• The records

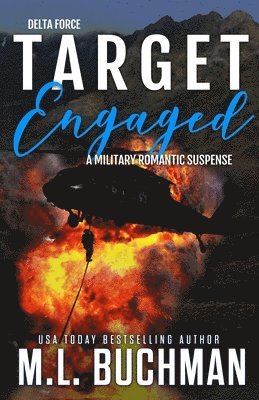 M L Buchman - Target Engaged, Häftad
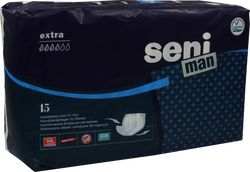 SENI Man Inkontinenzeinlage extra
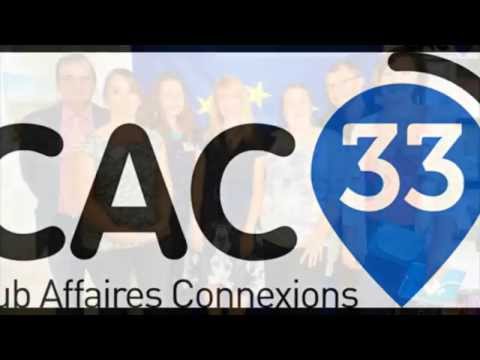 Atelier CAC33 « Se présenter, négocier et vendre »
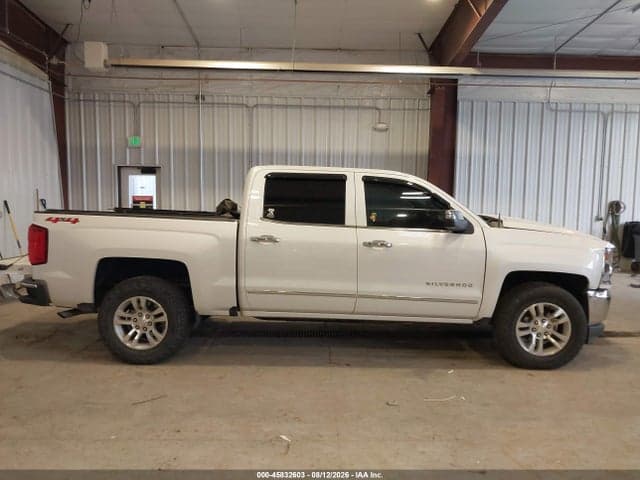 2018 CHEVROLET SILVERADO 1500 1LZ 14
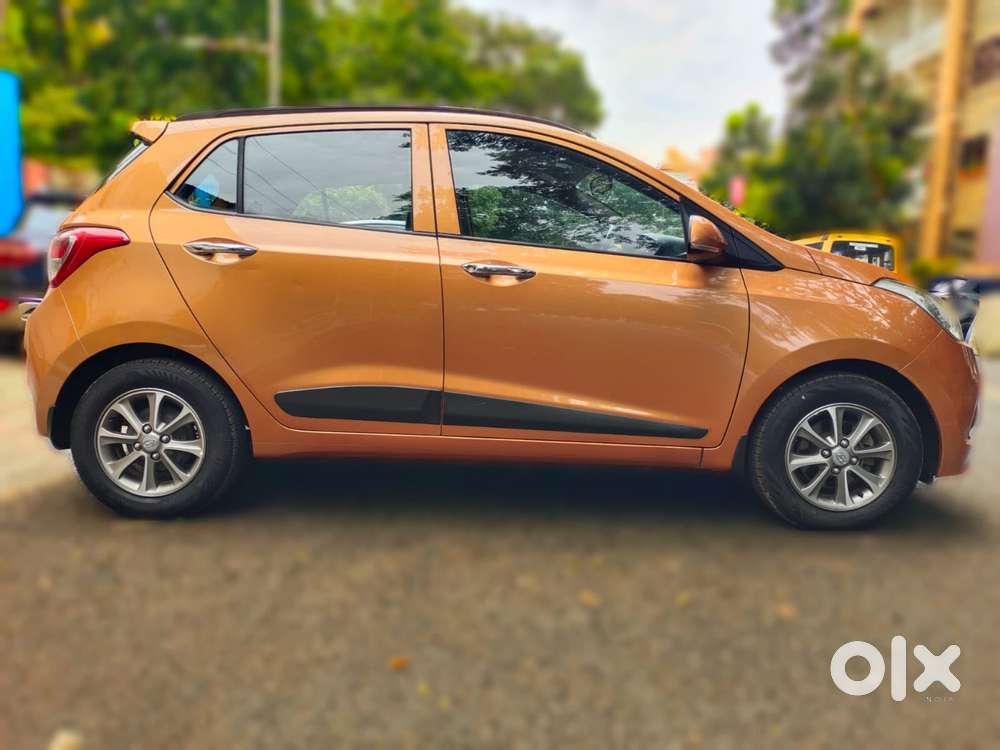 Hyundai Grand I10 Asta 1.2 Kappa Vtvt (o), 2016, Petrol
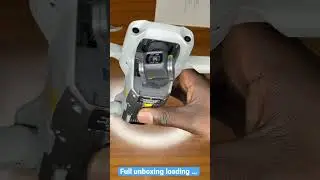 Dji mavic air 2 unboxing
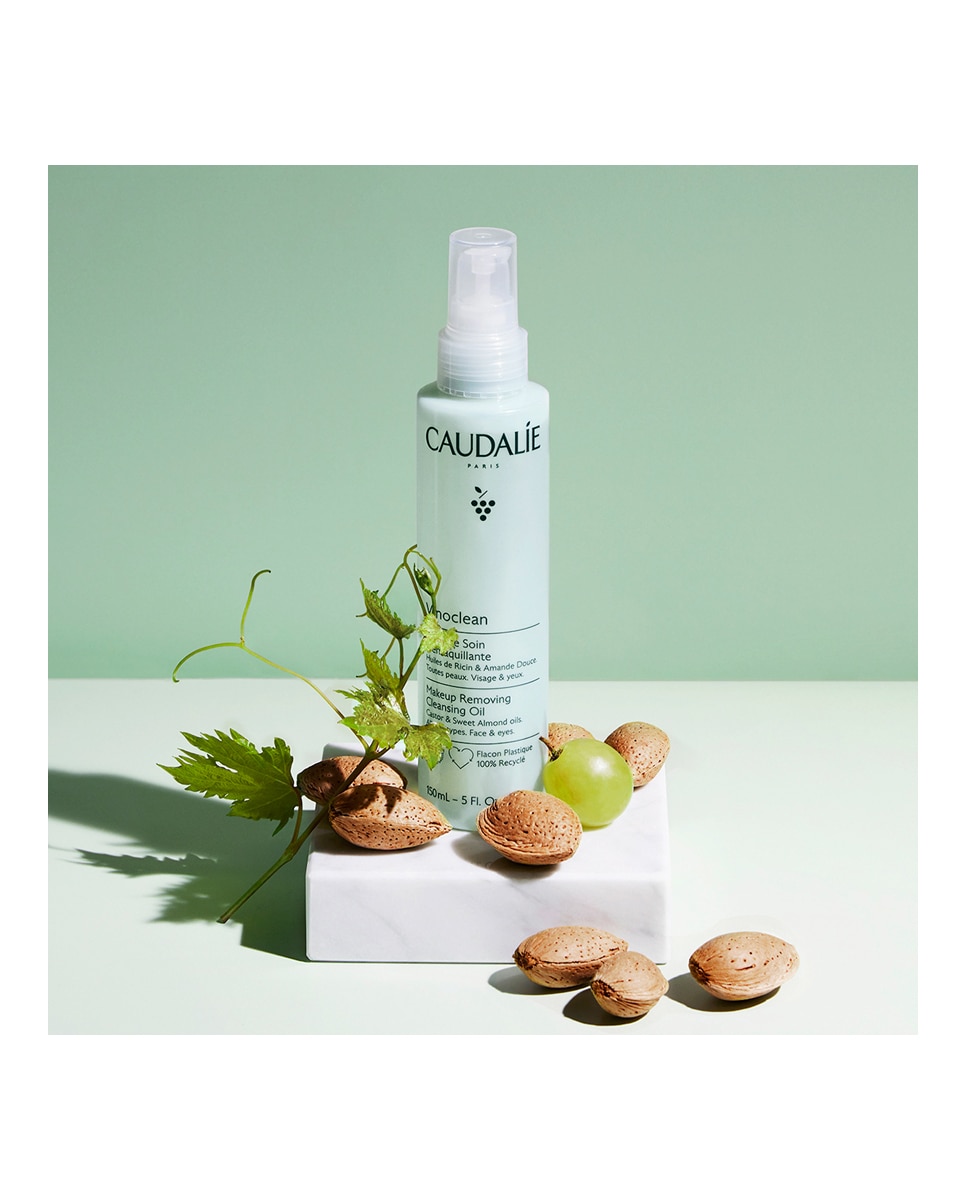 Aceite Tratante Desmaquillante Vinoclean 150 ml Caudalie - 150 ml 2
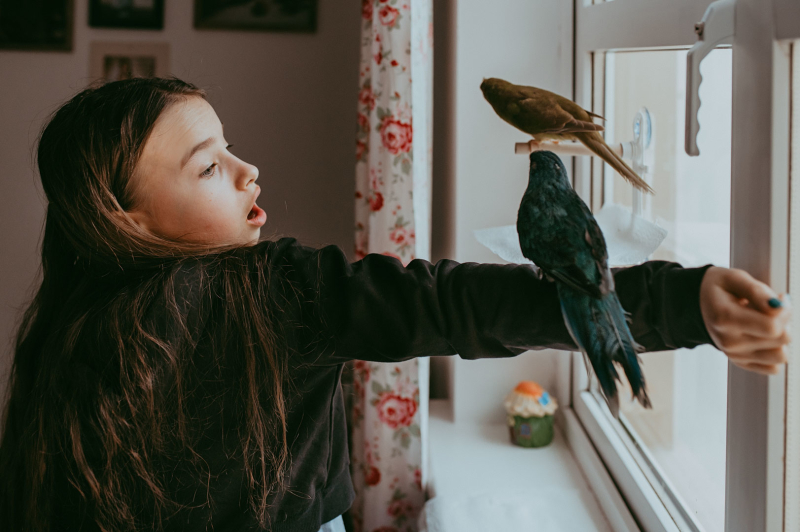 Children Day By Day February 2023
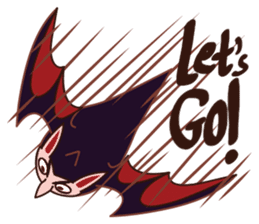 Halloween Dream sticker #8022497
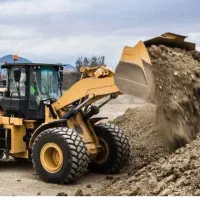 استخدام راننده لودر دارای گواهینامه ویژه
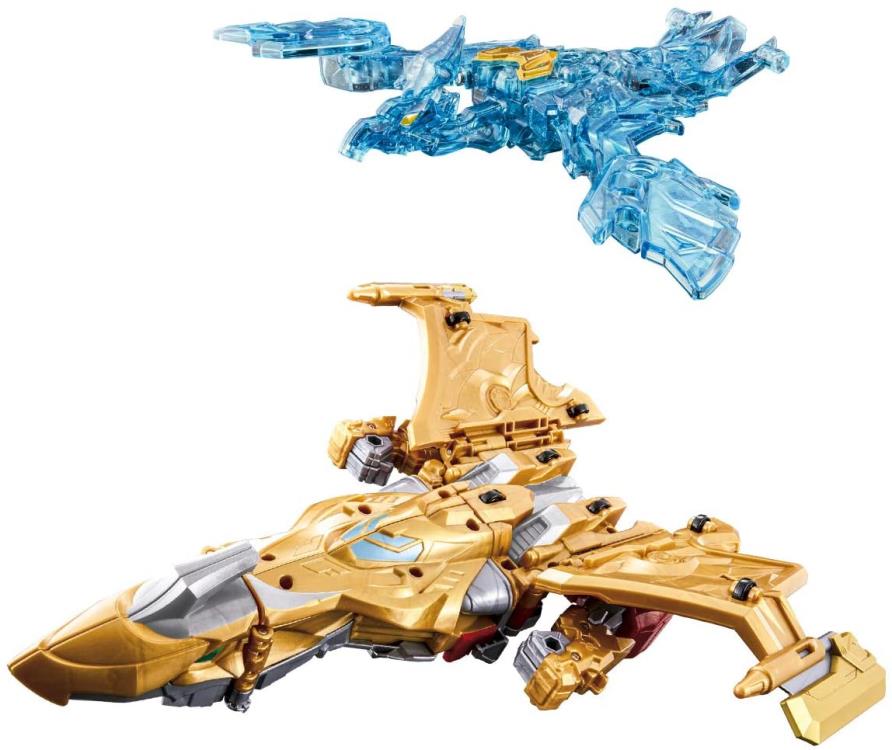 Mashin Sentai Kiramager Robo Series 04 DX Grateful Phoenix Gallery Image 6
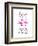 Love is all You Need-Fab Funky-Framed Art Print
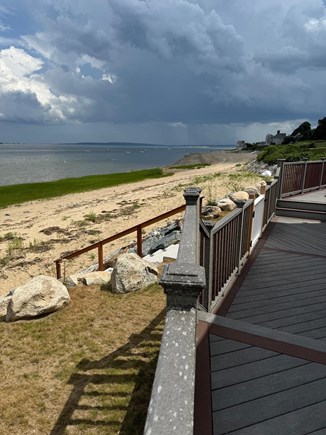 Duxbury MA vacation rental - Deck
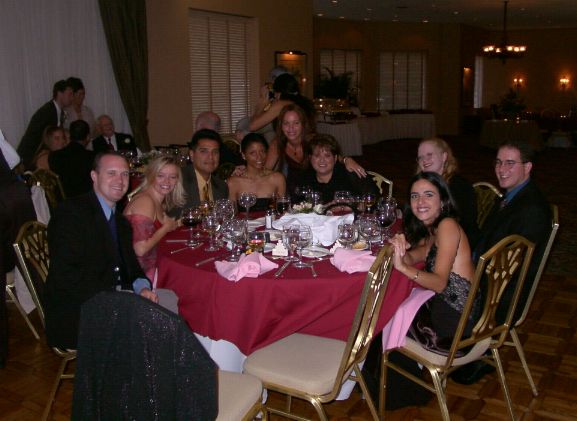 Marcela & Tim's Wedding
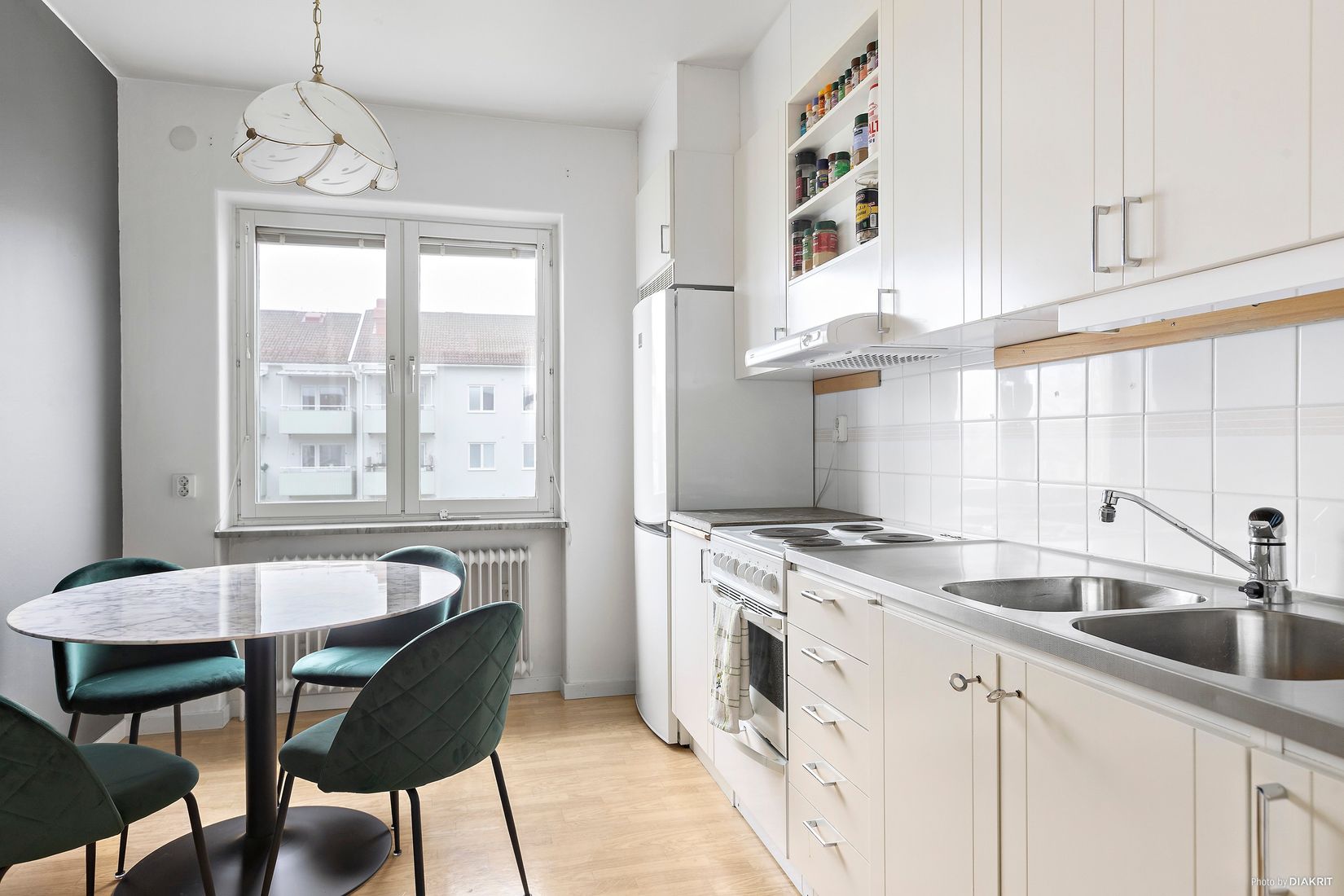 Bostadsrätt, Åttagårdsgatan 3b, Fredriksberg, Falköping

• What to work on
Repeat every entry exactly, but leave out the pictures.

• Written answer
 M L Buchman - Target Engaged, Häftad
 SENI Man Inkontinenzeinlage extra
 Atelier CAC33 « Se présenter, négocier et vendre »
 2018 CHEVROLET SILVERADO 1500 1LZ 14
 Hyundai Grand I10 Asta 1.2 Kappa Vtvt (o), 2016, Petrol
 Dji mavic air 2 unboxing
 Aceite Tratante Desmaquillante Vinoclean 150 ml Caudalie - 150 ml 2
 Children Day By Day February 2023
 Halloween Dream sticker #8022497
 استخدام راننده لودر دارای گواهینامه ویژه
 Mashin Sentai Kiramager Robo Series 04 DX Grateful Phoenix Gallery Image 6
 Love is all You Need-Fab Funky-Framed Art Print
 Duxbury MA vacation rental - Deck
 Marcela & Tim's Wedding
 Bostadsrätt, Åttagårdsgatan 3b, Fredriksberg, Falköping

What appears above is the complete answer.